Dikepung Sentimen Negatif, Batu Bara Jadi Obat Galau IHSG?

Pelemahan harga aset-aset berisiko dan kekhawatiran akan resesi juga turut menekan harga minyak mentah dunia.
Harga minyak mentah Brent yang menjadi acuan global turun ke bawah US$ 100/barel. Risiko perlambatan bahkan kontraksi ekonomi membuat prospek permintaan minyak melemah.
Namun di sisi lain, kebijakan dunia Barat yang memboikot minyak dari Rusia juga menimbulkan risiko dari sisi pasokan. Meski ada risiko resesi, harga minyak masih diramal kuat di kisaran US$ 100/barel.
Sepanjang tahun ini harga minyak mentah yang melesat telah menjadi faktor pemicu kenaikan inflasi terutama di AS.
Soal inflasi, investor juga memantau rilis data Indeks Harga Konsumen (IHK) AS yang akan dipublikasikan pada Rabu ini (13/7/2022) waktu setempat.
Konsensus yang dihimpun oleh Trading Economics memperkirakan bahwa inflasi di AS bulan Juni naik 8,8% secara tahunan dan lebih tinggi dari bulan sebelumnya.
Laju inflasi yang membandel bisa membuat bank sentral AS semakin agresif dalam menaikkan suku bunga acuan yang berakibat pada kenaikan dollar AS dan melemahnya mata uang negara lain.
Di pasar komoditas, harga batu bara masih melanjutkan tren penguatannya. Harga batu bara kian dekati posisi tertingginya tahun ini di US$ 446/ton.
Lonjakan harga batu bara pada perdagangan kemarin juga masih masih dipicu oleh melesatnya harga gas alam Eropa.
Faktor lainnya adalah gangguan cuaca di Australia yang merupakan eksportir terbesar untuk batu bara metalurgi dan terbesar kedua untuk batu bara termal.
Peningkatan harga batu bara tentu saja membawa berkah bagi Indonesia. Dengan harga batu bara yang masih tetap tinggi, kinerja ekspor Indonesia diperkirakan masih tetap solid.
Selain ekspektasi ekspor yang masih solid, kenaikan harga batu bara juga membawa berkah bagi kinerja keuangan emiten tambang batu hitam.

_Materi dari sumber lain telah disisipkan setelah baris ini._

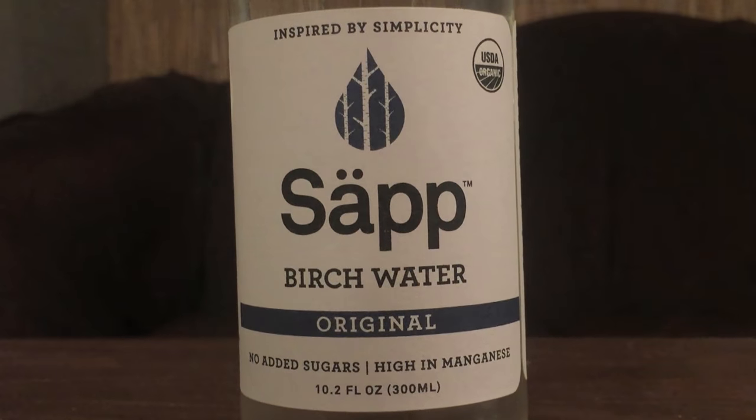First up is sap water. This is $2.99 for one single bottle, and this bottle is only 300 milliliters. So, $3 for 300 milliliters. That's one of, if not the most expensive per fluid ounce waters I've ever had. I've had waters that are over $3, but they usually come in huge containers, or much bigger than this at least.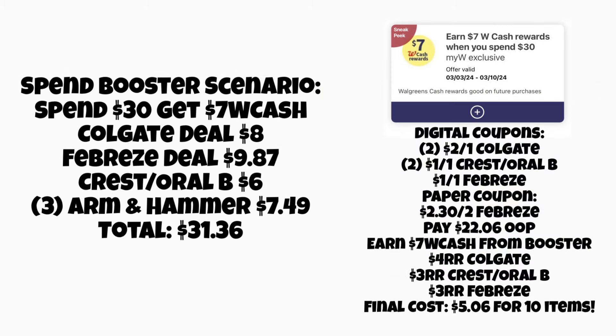Now let's look at this spend-thirty, get seven-dollars-Walgreens-Cash booster scenario — good March 3rd through the 10th. Here's one way to use it: the Colgate deal for eight dollars, the Febreze deal for nine eighty-seven, Crest and Oral-B for six dollars, and Arm & Hammer for seven forty-nine — total thirty-one thirty-six. With digital coupons — two two-dollar Colgate, two one-dollar Crest/Oral-B, a dollar on Febreze, and the three-thirty paper coupon — out of pocket comes to about twenty-one dollars. After getting back seven dollars Walgreens Cash, a four-dollar register reward for Colgate, three-dollar for Crest and Oral-B, and three-dollar for Febreze, your final cost is four dollars and six cents for all ten items.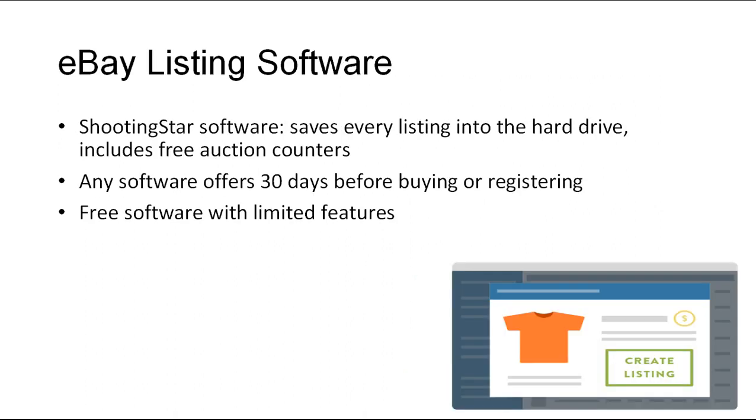If you're listing items for sale using eBay's provided selling form, you're actually losing money. What you should do is get an eBay listing software and save each listing you make. Through this method, when you're ready to sell the same or a similar item again, all you have to do is press a couple of keys to list. Check out Shooting Star Software to list auctions and track post-auction management, available at www.foodogssoftware.com. This software allows you to save every listing on your hard drive and includes free auction counters.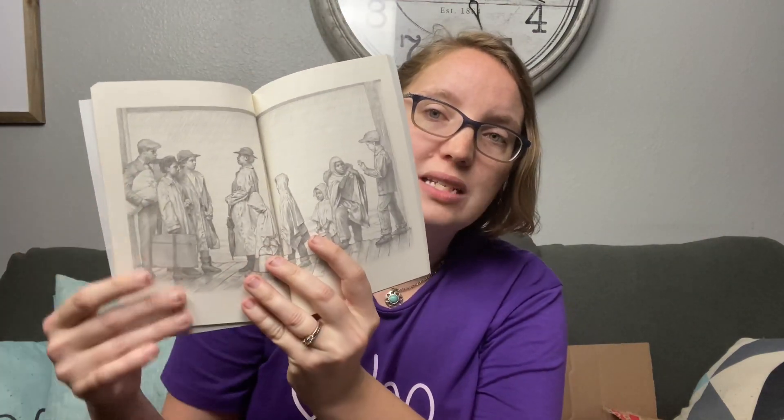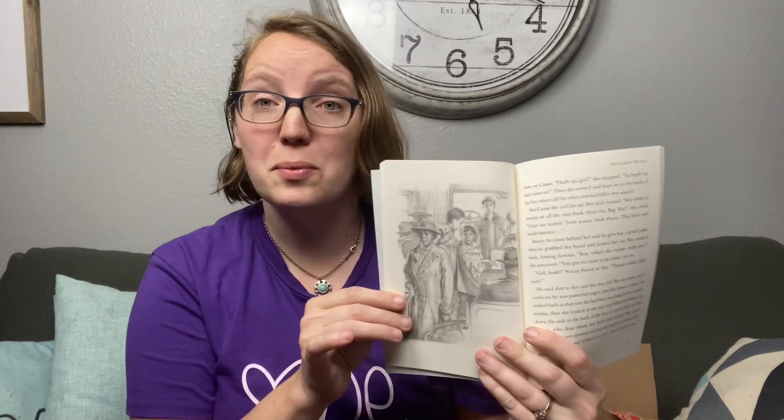This is called The Mississippi Bridge. It's about an African-American family in the 1930s who are getting on a bus, and at the last second some white passengers come on and they are ordered off the bus. It's about everything that happens after that as a result. They've got great illustrations and it got really good reviews on the story, so I guess we will see.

Tren pergerakan harga batu bara global masih akan menjadi salah satu fokus utama pelaku pasar dalam waktu dekat dan menjadi sentimen yang menggerakkan harga saham-saham energi.
Namun tetap saja, risiko eksternal masih patut diwaspadai. Dengan rupiah yang masih berada di dekat Rp 15.000/US$ dan yield SBN 10 tahun di atas 7,2%, IHSG masih rawan mengalami koreksi.